On Jacob in 2022, named for the Biblical character whose biggest weakness became his greatest strength — after reading the story in rehab —  he sang duets with Terri Clark, Wendy Moten, Shelly Fairchild, and other Nashville talents.


Thirty Vol. I, released last October and marking his three decades of music, includes duets with LeAnn Rimes on What Mattered Most, Ashley McBryde on A Man Holdin’ On (to a Woman Lettin’ Go, and with Broadway star Kristin Chenoweth. A second volume of Thirty is planned for the end of the year, all duets, including a rerecording of his own 1990s hit Living in a Moment



Besides more book-related appearances, Herndon will release a deluxe edition of his Grammy-nominated gospel album, Journey On from 2010, with three new tracks this summer. The first single arriving May 15 will be a remake of the contemporary Christian classic Testify to Love with Michael Passons formerly of the group Avalon. 


A sort of homecoming 


Last week, Herndon’s Nashville homecoming on his book tour with an appearance and full-band concert at Harken Hall in Madison. His husband, Alex, and even his Mama Peggy looked on from the with love. His mother even joined his younger friends for burgers and beverages afterward.  


Interviewed on stage by actress and singer Chrissy Metz, who released her own book with the same editor and publisher, Herndon said he’s realized that many people “see themselves in these pages.” 


After coming out in 2014 in People and on Entertainment Tonight, Metz asked him why he hadn’t written the book sooner.

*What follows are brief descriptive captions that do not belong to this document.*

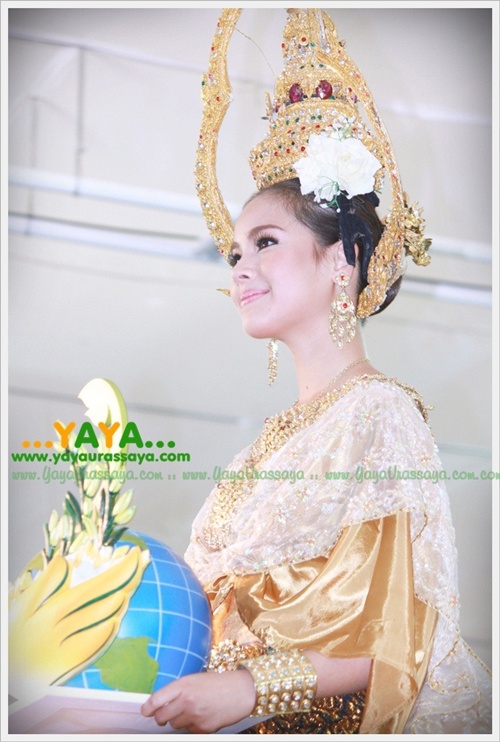 PIC ญาญ่า อุรัสยา สวยงามแบบผู้หญิงไทย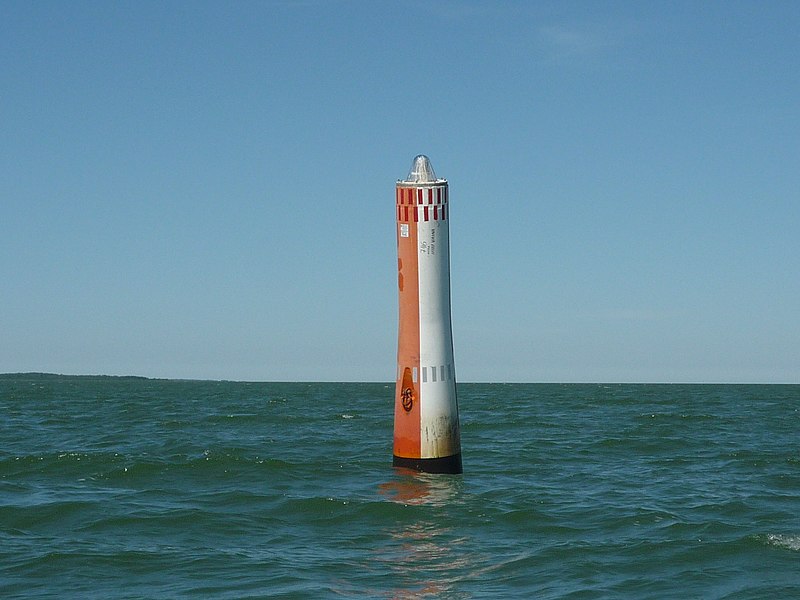 File:Hiiu väin fairway buoy 746 22Jun2012.jpg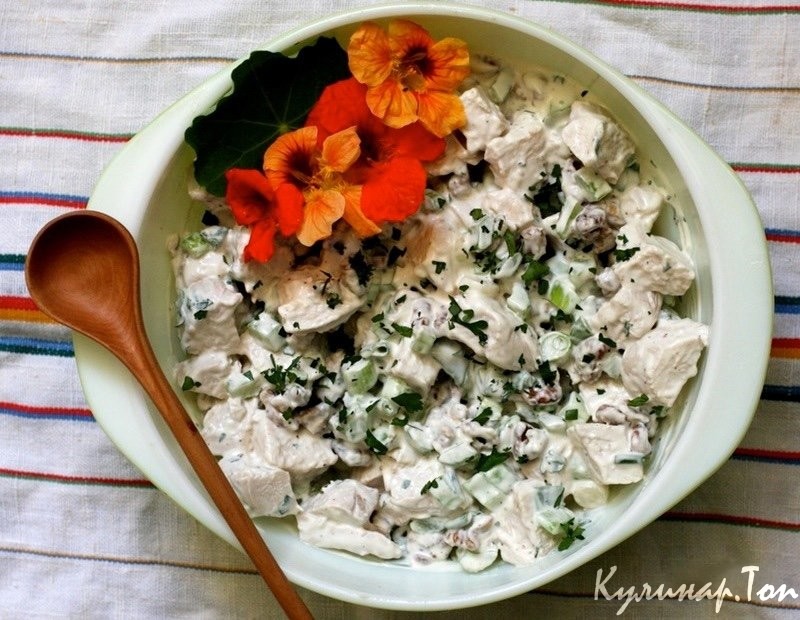 Салат с вареной грудкой и сельдереем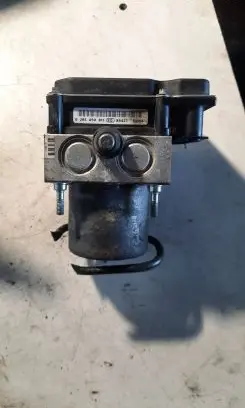 Subaru Legacy ABS Pump 0265950813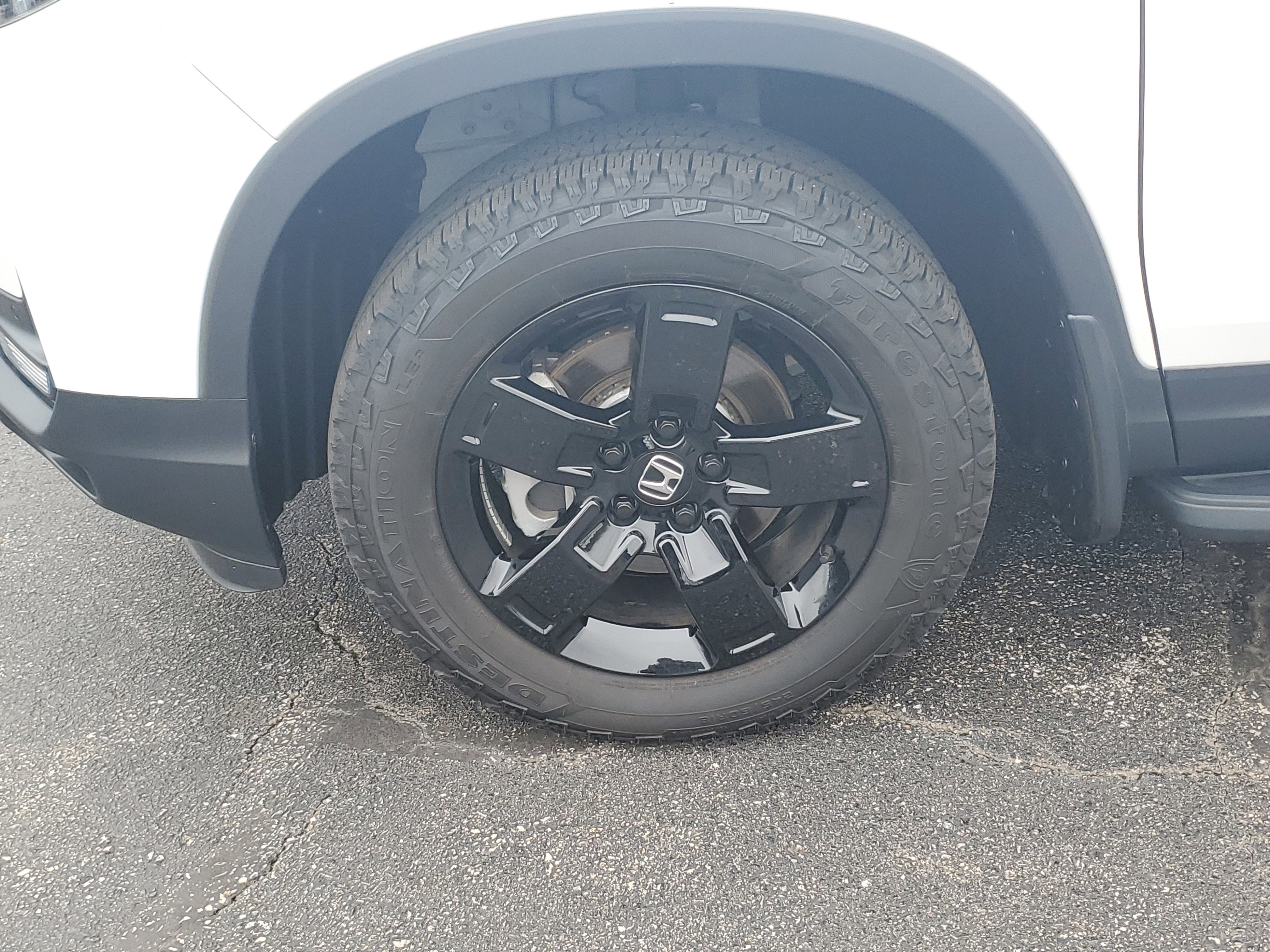 Used 2025 Honda Ridgeline Black Edition image 10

Ty and Alex's wedding celebration
Ty and Alex's wedding celebration

“There was too much fear,” Herndon said. “Two months into the process I wanted to stop. … I didn’t think my story was worth telling. I didn’t think it would help anyone.”


Two of the toughest things to write about were the full story of his arrest and, separately, his sexual assault when he was a young man.


Detailing the arrest “was something I never thought possible,” Herndon told Metz. “Honestly, it had just worn me out over the years.” 


He never imagined finding the strength to say “rape” out loud. “I prayed about it really

hard” before including it in the book, he said.


“I don’t know a lot of people who could’ve gone through that,” Metz replied.


Herndon’s willingness to discuss the assault has led to “Me, too” moments for others, he said. “I’ve known so many people who’ve been through it and haven’t been able to talk

about it.” 


During the Nashville book event, I was moved when Herndon even expressed mercy for that rage-filled preacher who’d belittled him as a child. “He was trying to save me from some of the pain (that he’d likely felt),” the singer said. 


The book tour has been a deeply emotional experience that has required Herndon to laugh, cry, and take pictures with fans, right after spilling his guts. 


“I am exhausted in the most beautiful way,” he said.


Fans take in Ty Herndon's show at Harken Hall. (Photo by Alan Richard)
Fans take in Ty Herndon's show at Harken Hall. (Photo by Alan Richard)

Steady forward


Herndon’s exhaustion didn’t keep him from performing at the Nashville event. Nothing was going to stop him. 


Bandleader Erik Halbig and other musicians backed Herndon as he sang She Wants to be Wanted Again with Metz, followed by favorites like Loved Too Much, Ready to Go, and How You Get to Heaven, a song featured on the 2023expanded version of the album Jacob.


Herndon yodeled on the rocker, I Want My Goodbye Back, then sang What Mattered Most following an audio clip from Bob Kingsley’s ’s country countdown show on May 27, 1995, announcing the song as the No. 1 hit in the country.


He grew emotional during Lies I Told Myself, which featured a powerful music video that highlighted oppression against LGBTQ+ and many others. “It’s the beginning of me telling the truth,” he said. There had been many “lies I told myself I’m glad I didn’t believe,” he sang.



Toward the end, Herndon was joined on stage by close friends Passons and Melissa Greene formerly of Avalon. The trio sang Testify to Love, the former gospel hit and forthcoming single. There’ll even be a dance version available in June. (With this more authentic religious music, maybe it’s time for a new genre of progressive gospel.)


On How You Get to Heaven, Herndon began crying and couldn’t make it through a couple of lines about a grandfather’s quiet dedication to his faith:


It's not where you go on Sunday

It's what you do on Monday

Cause you can't say you love your maker

If you can't even love your neighbor…

And that's how I believe

You get to heaven



Ty Herndon and friends: Left to right, Zeke Stokes, Tanya Tucker Vine Gill, Terri Clark, and Herndon.
Ty Herndon and friends: Left to right, Zeke Stokes, Tanya Tucker Vine Gill, Terri Clark, and Herndon.